Some Meanings of Utah History

Thomas G. Alexander
Utah Historical Quarterly 64 Number 2

Since 1847 Utah’s economy seems to have passed through four phases. The first phase was the Mormon Kingdom, which lasted until the 1880s. The Mormons tried to promote a relatively high degree of economic self-sufficiency, and they were relatively successful for about twenty years. Some vestiges of that Kingdom remain in the settlements scattered throughout the Mountain West. In the second phase, which I will call the Old Colonial Society, Utah became a colony of Wall Street. The Old Colonial Society reigned supreme until the 1930s when the third phase, the New Colonial Society, began to develop. During the Great Depression the federal government began to invest heavily in Utah. This trend continued into World War II and afterward until federal installations became the largest businesses in Utah. In the process, management of Utah’s economy shifted from New York to Washington, D.C. Like the Old Colonial Society, the New Colonial Society was extremely important to the state.

Then, during the 1980s, conditions began to change. More and more, the largest businesses in the state came to be owned and/or managed in Utah rather than outside. By the late 1980s Utah had become a true commonwealth. It was no longer a colony. Both the Old and New Colonial Society economies diminished in importance. During the 1960s Utah received a great deal more money from the federal government than the average state. By 1984 it ranked slightly below the average. In 1984 the average American state received $2,962 per capita from the federal government while Utah got $2,930 per capita. In 1993, however, Utah ranked forty-fourth among the states in per capita income from federal payments at $4,011. The average state got $4,814.
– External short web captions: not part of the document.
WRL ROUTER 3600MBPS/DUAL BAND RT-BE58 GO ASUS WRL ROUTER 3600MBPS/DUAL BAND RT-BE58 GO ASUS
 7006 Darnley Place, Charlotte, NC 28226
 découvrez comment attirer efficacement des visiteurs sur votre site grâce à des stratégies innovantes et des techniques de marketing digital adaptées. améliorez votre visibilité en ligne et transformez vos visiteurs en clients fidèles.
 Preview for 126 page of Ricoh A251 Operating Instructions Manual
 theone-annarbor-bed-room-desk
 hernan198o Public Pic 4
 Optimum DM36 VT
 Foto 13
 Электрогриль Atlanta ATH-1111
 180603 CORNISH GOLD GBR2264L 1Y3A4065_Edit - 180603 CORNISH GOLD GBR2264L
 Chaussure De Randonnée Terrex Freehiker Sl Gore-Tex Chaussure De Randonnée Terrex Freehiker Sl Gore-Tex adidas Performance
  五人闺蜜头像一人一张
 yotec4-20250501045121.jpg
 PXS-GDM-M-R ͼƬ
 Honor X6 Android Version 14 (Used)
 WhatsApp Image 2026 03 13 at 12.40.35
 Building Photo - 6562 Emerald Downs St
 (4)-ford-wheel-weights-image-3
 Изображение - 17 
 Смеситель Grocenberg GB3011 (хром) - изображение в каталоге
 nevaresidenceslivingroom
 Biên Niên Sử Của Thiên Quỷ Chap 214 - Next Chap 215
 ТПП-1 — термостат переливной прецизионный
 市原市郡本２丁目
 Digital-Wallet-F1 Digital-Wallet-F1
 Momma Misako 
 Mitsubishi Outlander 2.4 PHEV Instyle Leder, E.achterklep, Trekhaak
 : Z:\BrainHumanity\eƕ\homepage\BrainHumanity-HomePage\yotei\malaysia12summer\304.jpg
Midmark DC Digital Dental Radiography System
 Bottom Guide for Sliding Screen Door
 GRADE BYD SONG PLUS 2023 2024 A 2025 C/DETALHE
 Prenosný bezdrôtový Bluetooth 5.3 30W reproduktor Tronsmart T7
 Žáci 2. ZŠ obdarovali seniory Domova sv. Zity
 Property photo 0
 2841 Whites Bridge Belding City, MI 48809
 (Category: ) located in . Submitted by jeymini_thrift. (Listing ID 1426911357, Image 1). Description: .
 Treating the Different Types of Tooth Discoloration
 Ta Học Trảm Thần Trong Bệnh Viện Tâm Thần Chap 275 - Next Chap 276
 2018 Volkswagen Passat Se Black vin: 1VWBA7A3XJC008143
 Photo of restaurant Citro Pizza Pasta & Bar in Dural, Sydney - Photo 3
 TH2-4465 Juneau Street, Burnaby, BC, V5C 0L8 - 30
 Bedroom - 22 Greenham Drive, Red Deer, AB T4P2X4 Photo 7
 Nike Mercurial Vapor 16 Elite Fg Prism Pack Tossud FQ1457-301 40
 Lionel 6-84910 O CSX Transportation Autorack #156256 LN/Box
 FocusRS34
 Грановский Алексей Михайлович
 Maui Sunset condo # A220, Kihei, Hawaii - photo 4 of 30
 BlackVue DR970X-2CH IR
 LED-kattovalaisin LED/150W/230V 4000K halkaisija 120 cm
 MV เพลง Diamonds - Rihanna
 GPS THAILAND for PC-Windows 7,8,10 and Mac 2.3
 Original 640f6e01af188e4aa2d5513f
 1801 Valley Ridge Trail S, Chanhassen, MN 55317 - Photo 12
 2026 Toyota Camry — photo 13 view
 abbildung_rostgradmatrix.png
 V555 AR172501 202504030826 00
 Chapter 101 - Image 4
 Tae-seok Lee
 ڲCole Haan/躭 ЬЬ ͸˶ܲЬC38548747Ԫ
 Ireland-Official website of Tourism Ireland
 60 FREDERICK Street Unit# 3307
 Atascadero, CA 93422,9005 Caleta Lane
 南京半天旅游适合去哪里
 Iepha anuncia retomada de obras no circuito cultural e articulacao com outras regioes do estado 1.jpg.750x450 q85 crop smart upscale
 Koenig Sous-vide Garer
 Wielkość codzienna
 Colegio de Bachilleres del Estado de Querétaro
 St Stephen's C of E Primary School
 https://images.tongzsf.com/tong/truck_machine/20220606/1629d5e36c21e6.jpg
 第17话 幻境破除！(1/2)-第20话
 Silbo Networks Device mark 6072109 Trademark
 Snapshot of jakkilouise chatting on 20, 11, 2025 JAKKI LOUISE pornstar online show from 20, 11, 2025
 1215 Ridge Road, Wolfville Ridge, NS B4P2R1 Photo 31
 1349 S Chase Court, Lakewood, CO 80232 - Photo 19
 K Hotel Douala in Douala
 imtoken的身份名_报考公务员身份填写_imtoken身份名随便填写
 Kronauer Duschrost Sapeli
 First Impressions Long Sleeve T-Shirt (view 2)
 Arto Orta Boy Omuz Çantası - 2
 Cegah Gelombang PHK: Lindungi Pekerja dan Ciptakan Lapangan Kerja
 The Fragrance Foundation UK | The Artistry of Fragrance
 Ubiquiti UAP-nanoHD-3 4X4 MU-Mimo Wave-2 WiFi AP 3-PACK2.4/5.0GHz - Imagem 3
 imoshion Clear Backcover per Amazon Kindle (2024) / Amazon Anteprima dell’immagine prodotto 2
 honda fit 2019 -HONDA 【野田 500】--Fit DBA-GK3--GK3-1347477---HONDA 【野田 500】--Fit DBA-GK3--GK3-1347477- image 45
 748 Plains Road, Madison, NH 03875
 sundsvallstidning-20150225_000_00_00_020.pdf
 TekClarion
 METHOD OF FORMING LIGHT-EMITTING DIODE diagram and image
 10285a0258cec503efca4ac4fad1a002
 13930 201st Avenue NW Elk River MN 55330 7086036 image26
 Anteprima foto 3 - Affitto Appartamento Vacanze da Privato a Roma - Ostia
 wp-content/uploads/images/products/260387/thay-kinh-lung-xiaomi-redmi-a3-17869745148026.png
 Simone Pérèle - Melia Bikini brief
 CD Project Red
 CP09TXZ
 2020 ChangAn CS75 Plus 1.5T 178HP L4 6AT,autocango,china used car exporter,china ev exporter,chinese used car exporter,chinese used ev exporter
Significantly, both the Old Colonial Society and the New Colonial Society diminished as the Commonwealth Society came to dominate Utah. If, for instance, you compare employment in the twenty-five largest businesses in the state in 1992, the overwhelming majority of people worked for businesses that were owned and managed locally. Of the twenty-five largest businesses in Utah measured by total employees in that year, those from the Old Colonial Society employed 19,200 people. Those from the New Colonial Society employed 27,300 people. The largest businesses in the Commonwealth Society employed 94,400 people, more than twice as many as employment in the vestiges of the Old and New Colonial Societies combined.

During the two colonial societies with their outside domination, the focus of power in the arts and humanities shifted to places outside Utah. Increasingly, artists and literary figures moved from Utah to ply their professions. Utah managed to promote some local enterprises especially in music during the New Colonial Society, such as the Utah Symphony and the Tabernacle Choir, but many of Utah’s best artists and writers who did not have university appointments found it prudent to leave the state to earn a satisfactory living. Thus we had a sizeable Utah community on the East Coast that included such people as Mahonri Young, Cyrus Dallin, Bernard De Voto, Virginia Sorensen, and May Swenson; and in California such people as Fawn Brodie and Wallace Stegner in literature and John Willard Clawson and Mary Teasdel in painting.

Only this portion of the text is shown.